О смерти АС Пушкина
О смерти Пушкина
10 февраля 188 лет назад умер Александр Сергеевич Пушкин.
Несколько лет назад довелось быть в этот день на Мойке, 12, в том самом кабинете с кушеткой. Катарсис...
Для многих из нас эта смерть остаётся большой трагедией, переживаемой так, как переживается личная потеря и потому сопряжённой с настоящим страданием.
Он значительно больше, чем самый любимый, обожествляемый поэт. Мы любим его как современника, как живого человека, чувствуя с ним необъяснимую личную связь.
В этот день перебираешь, вчитываешься в воспоминания близких о его последних часах. И единственное, что примиряет тебя с его ранней смертью, – то, что умирая, он всё стремился вверх, к Богу.
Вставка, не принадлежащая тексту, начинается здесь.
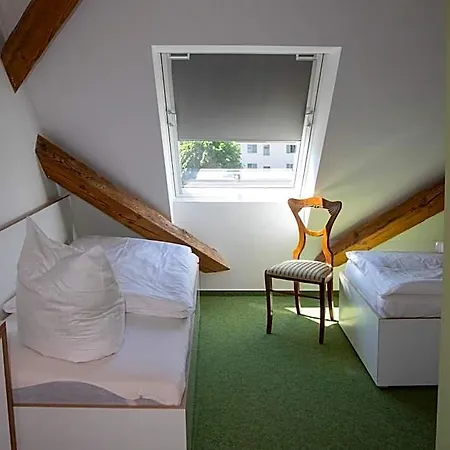 Gaestehaus Der Rochow Akademie 3* Reckahn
А ещё то, что никто из разделивших эти скорбные и высокие часы не говорит иносказательно "ушёл". Все знают – он не ушёл.
Он умер.
***************
«Кровь лила из раны; было надобно поднять раненого; но на руках донести его до саней было невозможно, подвезли к нему сани, для чего надобно было разломать забор; и в санях донесли его до дороги, где дожидала его Геккернова карета, в которую он и сел с Данзасом. Лекаря на месте сражения не было, Дорогою он, по-видимому, не страдал, по крайней мере, этого не было заметно; он был, напротив, даже весел, разговаривал с Данзасом и рассказывал ему анекдоты.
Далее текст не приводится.